Your objective: Take the line that holds "Dr Bree Wilson" and every line after it to the end of the entries, and repeat them exactly without the pictures.

-- Information shown follows --

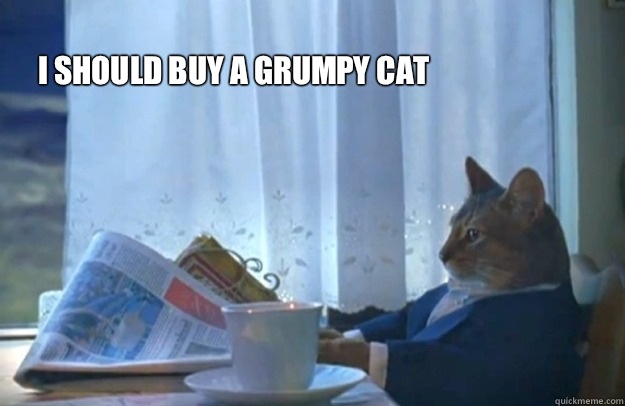 I should buy a Grumpy Cat  Sophisticated Cat
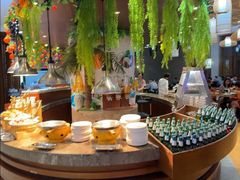 -齐河孔雀王温泉酒店·金孔雀自助百汇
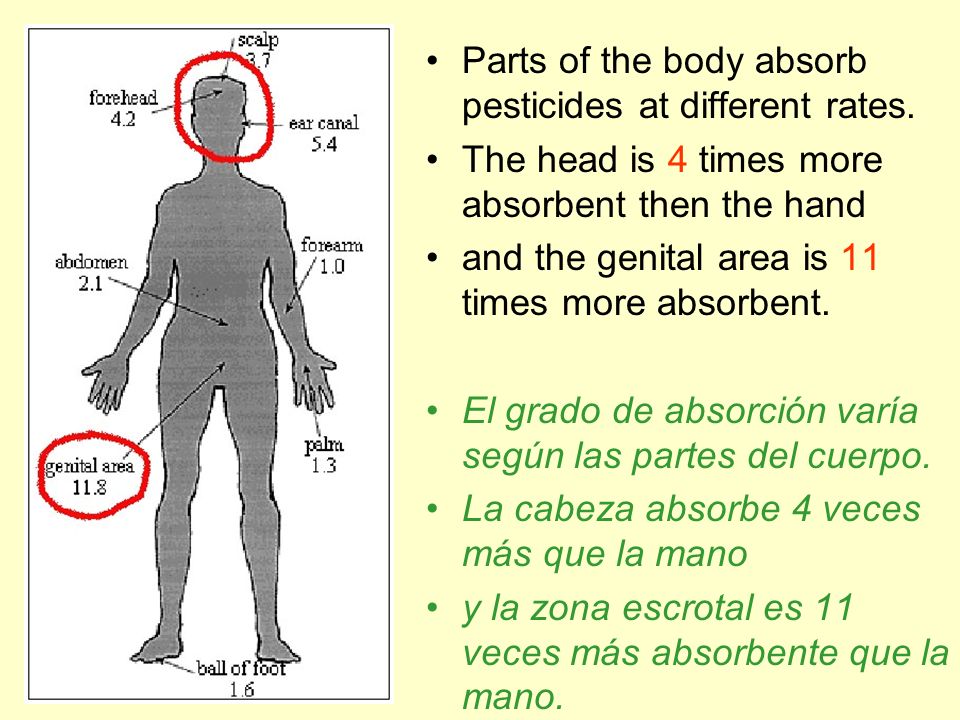 Parts of the body absorb pesticides at different rates.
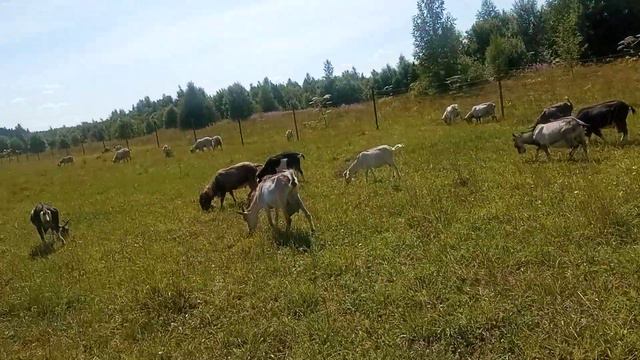 моё хозяйство/звери едят траву/выпас смотреть онлайн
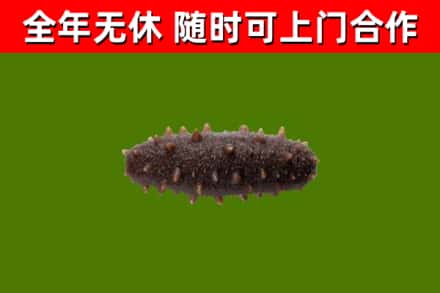 永兴县烟酒回收干海参.jpg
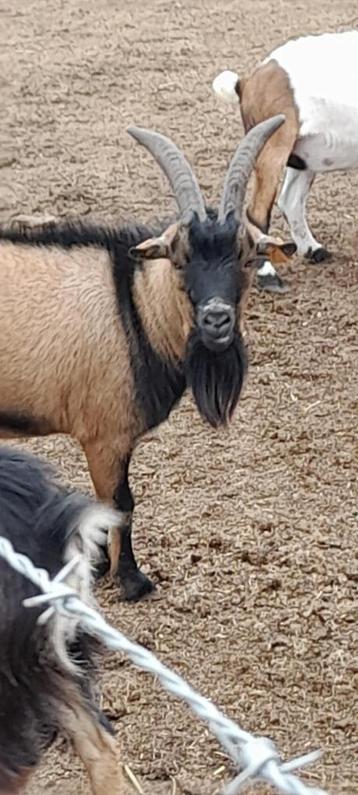 "Bokkie" beschikbaar voor biedingen
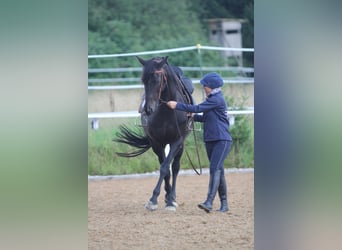 Holistyczna nauka jazdy konnej na koniach szkolnych lub własnym koniu, jazda w stylu ujeżdżenia, lek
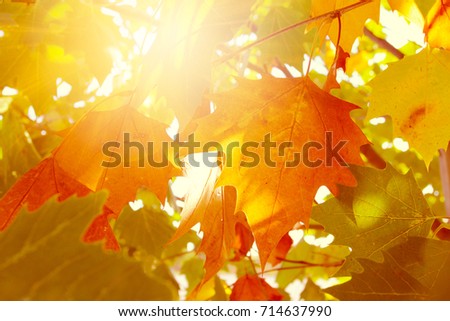 Abstract autumn leaves. Beautiful bright background.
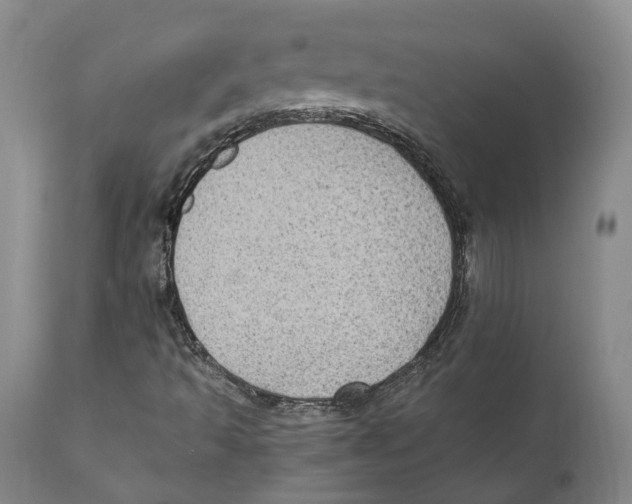 X0000110891493200907161513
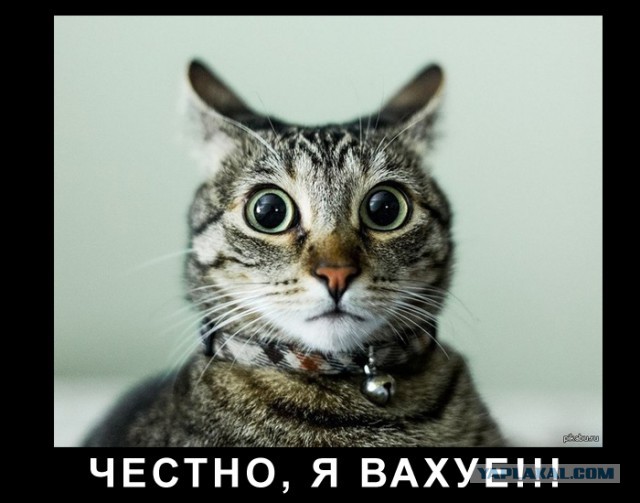 Вновь тверк на фоне военного мемориала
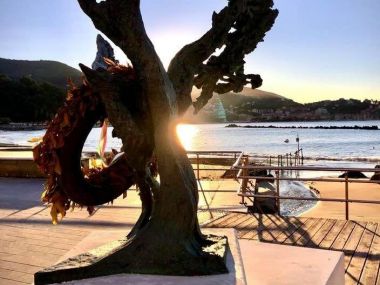 Immobili Commerciali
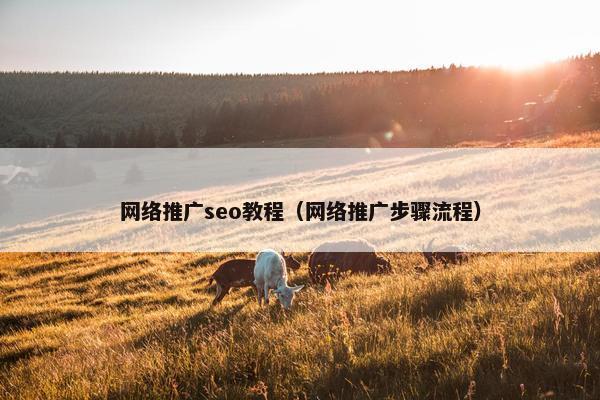 网络推广seo教程（网络推广步骤流程）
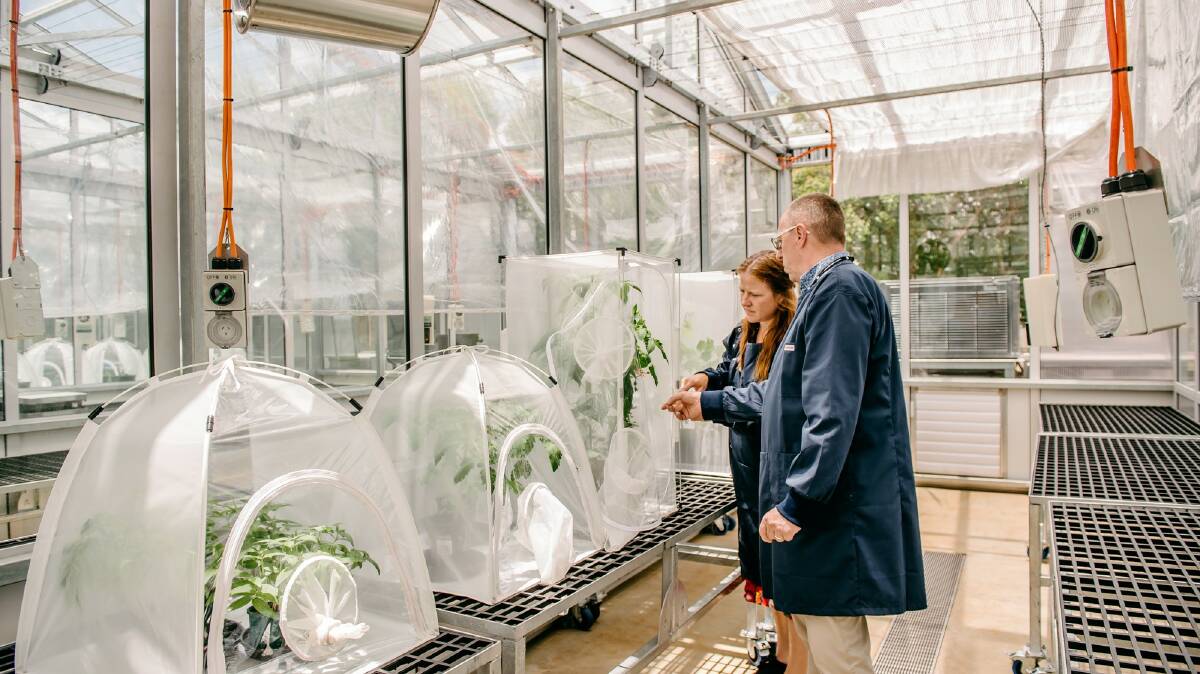  Dr Bree Wilson and Professor Gavin Ash in the glasshouses to be used for pre-breeding programs for wheat and chickpeas. Picture: USQ Photography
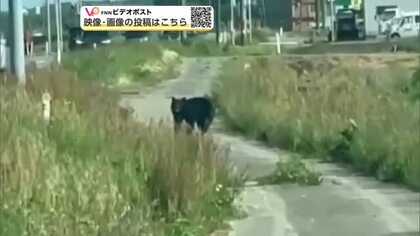秋田県、「クマ出没警報」9月末まで延長　生活圏での目撃相次ぐ　クマ寄せ付けない対策の徹底を呼びかけ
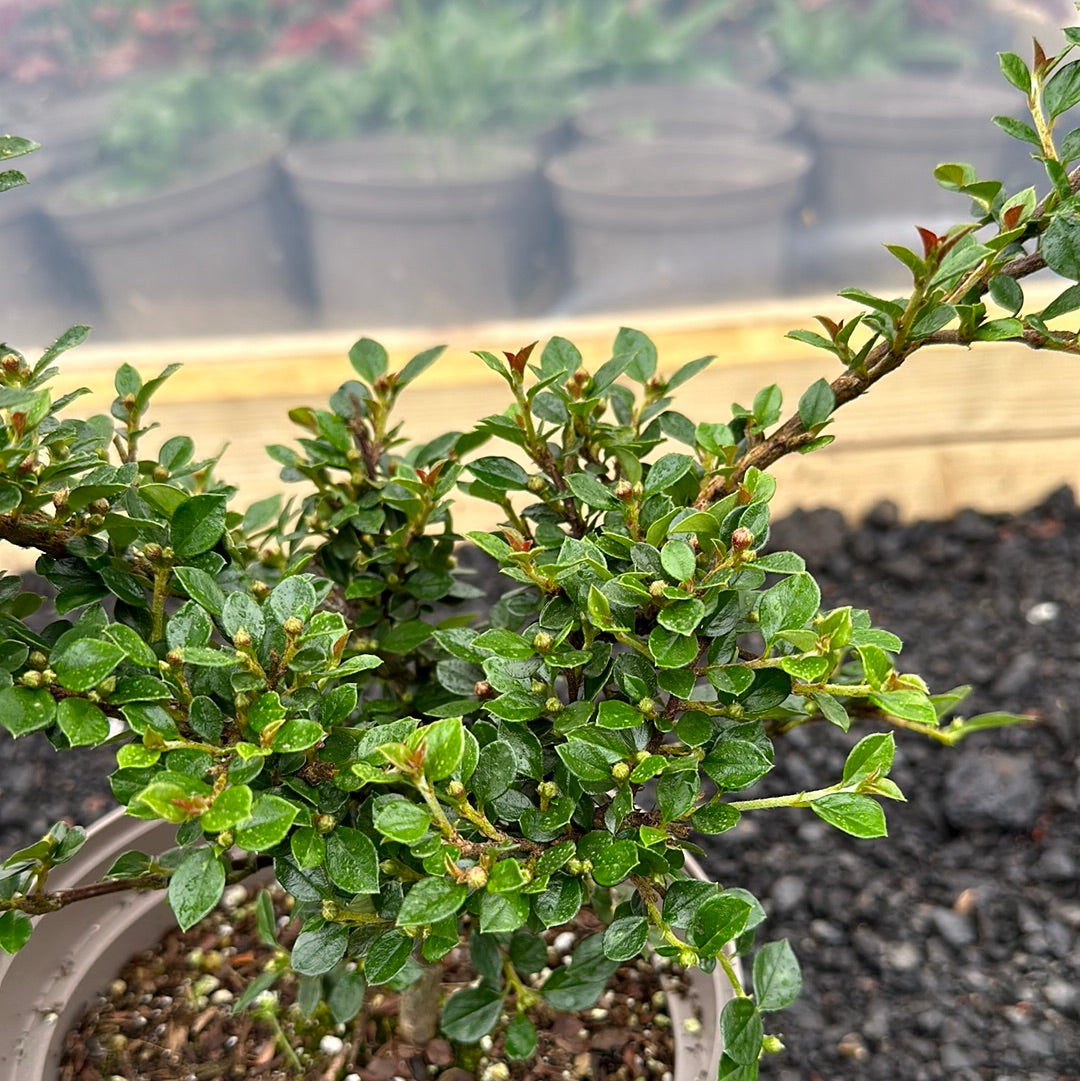 Cotoneaster horizontalis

-- Information shown concluded --

Reply:
  Dr Bree Wilson and Professor Gavin Ash in the glasshouses to be used for pre-breeding programs for wheat and chickpeas. Picture: USQ Photography
秋田県、「クマ出没警報」9月末まで延長　生活圏での目撃相次ぐ　クマ寄せ付けない対策の徹底を呼びかけ
 Cotoneaster horizontalis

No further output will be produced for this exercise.